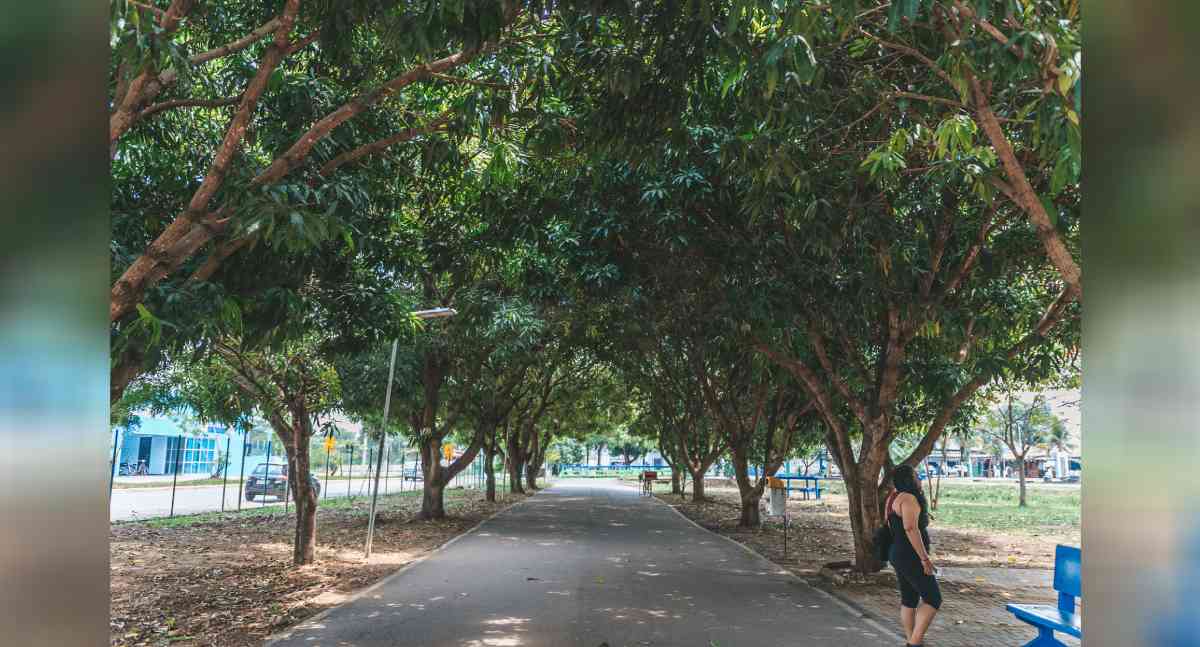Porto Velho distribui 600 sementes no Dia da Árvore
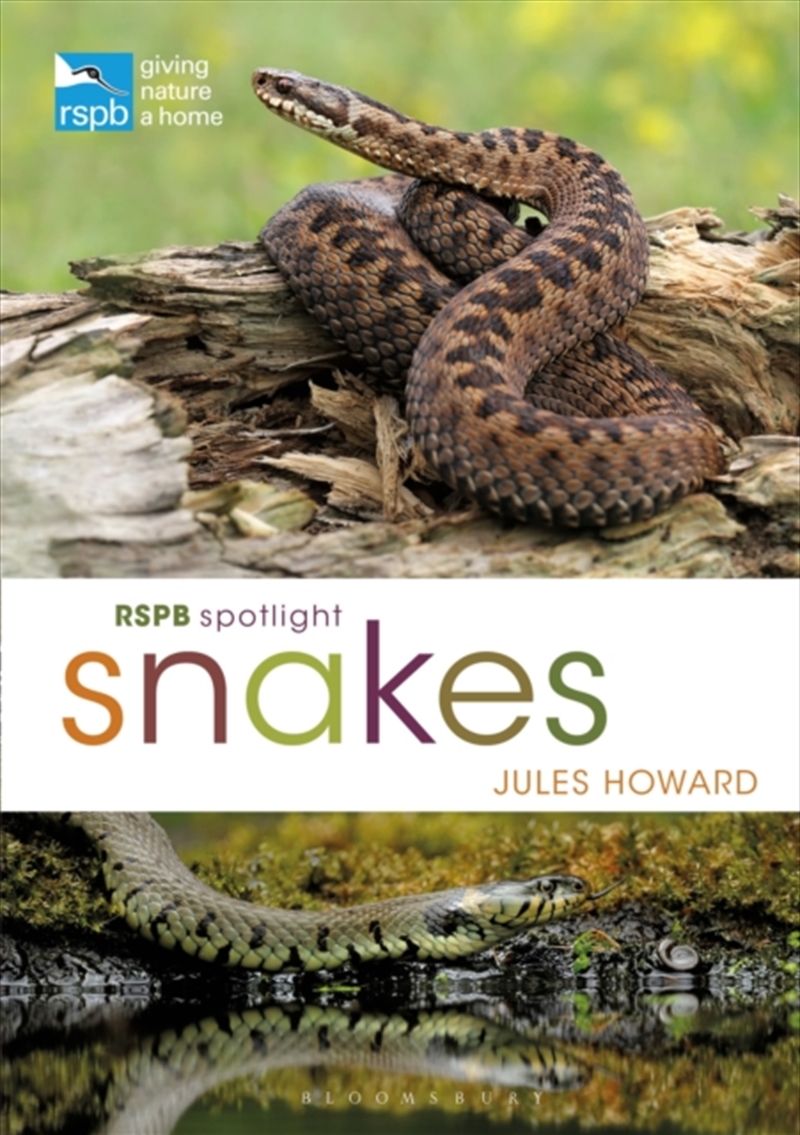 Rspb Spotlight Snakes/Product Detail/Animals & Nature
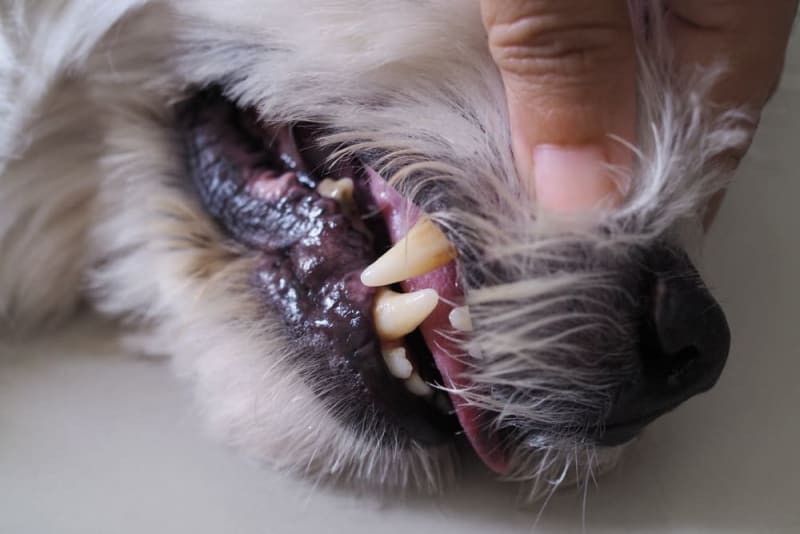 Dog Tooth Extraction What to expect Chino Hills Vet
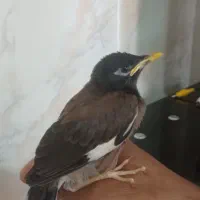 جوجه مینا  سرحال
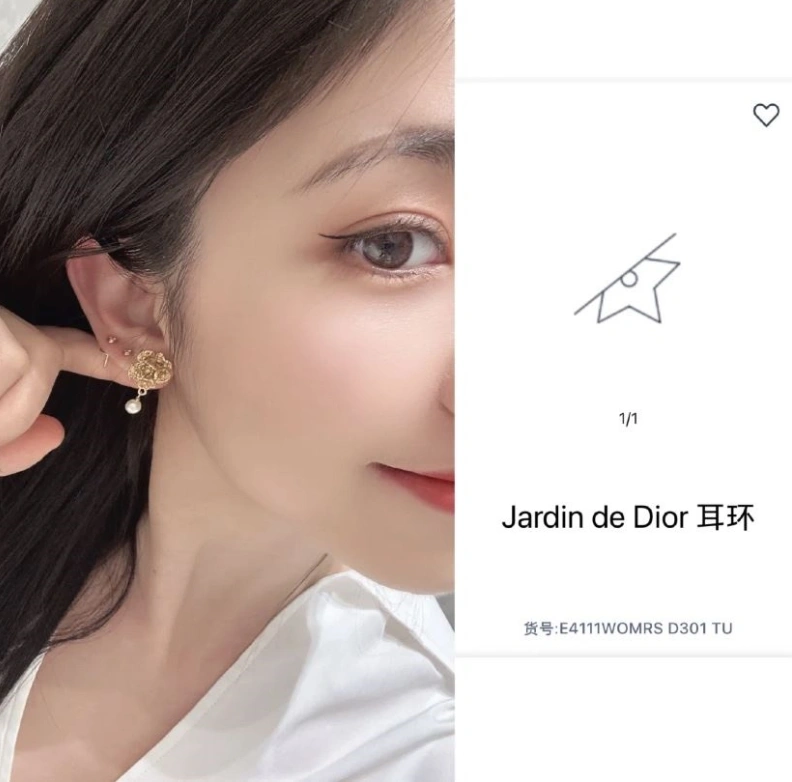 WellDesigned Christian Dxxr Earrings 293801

§ **How to complete this task**
Type the listing out again word for word, passing over each picture.

§ **Exercise answer**
Porto Velho distribui 600 sementes no Dia da Árvore
 Rspb Spotlight Snakes/Product Detail/Animals & Nature
 Dog Tooth Extraction What to expect Chino Hills Vet
 جوجه مینا  سرحال
 WellDesigned Christian Dxxr Earrings 293801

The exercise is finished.